Maintaining Control on a Tight Reach

I was out blasting around testing reaching spinnakers the other day on a new C&C 30, and I was reminded of how much fun sending it on a close reach really was. So much of our time racing these days is spent sailing windward-leeward courses that the fine art of sailing on a windy tight reach at the edge of control has almost become a lost art. It is a particularly useful skill in point-to-point and distance races. So how do you keep on the hairy edge while avoiding the wipeout?

Photo by Dan Phelps


Step #1: Have patience

The first mistake is to try to head up and sail toward the mark before you are ready. No matter how badly you want to get there, you have to have everyone in position, hiking like crazy with all the weight well aft before you start to head up. Weight is the key. If people are still on the bow, or trimmers are down in the boat, you are not ready to go. When the spinnaker is first hoisted, start at a comfortably low angle, get everyone set, and then work gradually up. Don’t worry about the mark.

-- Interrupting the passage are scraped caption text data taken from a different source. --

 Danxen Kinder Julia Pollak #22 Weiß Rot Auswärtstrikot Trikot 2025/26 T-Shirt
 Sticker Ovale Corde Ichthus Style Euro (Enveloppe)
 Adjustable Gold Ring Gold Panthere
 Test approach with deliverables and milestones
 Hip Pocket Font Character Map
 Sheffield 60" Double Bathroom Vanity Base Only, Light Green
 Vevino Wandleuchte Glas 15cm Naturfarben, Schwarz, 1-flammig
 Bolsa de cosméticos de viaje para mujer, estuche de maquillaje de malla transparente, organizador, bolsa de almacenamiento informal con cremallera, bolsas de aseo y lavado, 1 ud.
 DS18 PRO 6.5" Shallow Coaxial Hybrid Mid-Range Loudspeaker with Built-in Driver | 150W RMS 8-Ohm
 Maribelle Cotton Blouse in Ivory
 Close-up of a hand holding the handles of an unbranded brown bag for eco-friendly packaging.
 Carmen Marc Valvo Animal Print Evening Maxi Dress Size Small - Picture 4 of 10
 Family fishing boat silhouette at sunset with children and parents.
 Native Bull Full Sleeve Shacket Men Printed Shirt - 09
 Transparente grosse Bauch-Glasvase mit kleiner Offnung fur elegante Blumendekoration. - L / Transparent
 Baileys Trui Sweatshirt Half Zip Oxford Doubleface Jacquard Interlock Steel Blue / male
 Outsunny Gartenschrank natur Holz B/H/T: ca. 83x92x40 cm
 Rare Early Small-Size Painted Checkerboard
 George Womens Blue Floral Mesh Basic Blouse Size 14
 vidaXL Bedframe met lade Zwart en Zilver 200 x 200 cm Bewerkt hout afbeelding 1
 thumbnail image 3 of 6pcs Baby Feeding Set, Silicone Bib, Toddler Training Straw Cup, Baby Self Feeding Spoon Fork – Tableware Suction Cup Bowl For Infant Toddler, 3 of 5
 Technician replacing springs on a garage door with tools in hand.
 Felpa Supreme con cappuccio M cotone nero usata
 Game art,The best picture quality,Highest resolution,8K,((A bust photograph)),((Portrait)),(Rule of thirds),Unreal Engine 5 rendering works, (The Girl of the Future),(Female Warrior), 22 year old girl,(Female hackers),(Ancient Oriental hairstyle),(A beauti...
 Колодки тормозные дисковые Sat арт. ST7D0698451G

Step #2: Easy in the puffs

It’s all in the hands of the trimmers. Every puff needs to be met with a generous ease of mainsail and spinnaker sheet (if you are jib reaching, ease the jib). As soon as you feel the heel start to increase, ease. Have a crew member on the rail calling puffs. Ease aggressively initially, and then trim in as the power of the puff is turned into speed. Sails will have to move in and out constantly. It is a sport!

A couple of notes on trim: the spinnaker luff should be tight. If using an asymmetrical, pull the tack line down tight. Fly the pole low with symmetrical sails. A tight luff will pull the shape forward and open up the back end of the sail. If you are jib reaching, you need to set up an outboard lead on the rail. Mainsail trim is largely a function of vang tension. Vang should be well eased in general and let off in the puffs or whenever there is too much heel.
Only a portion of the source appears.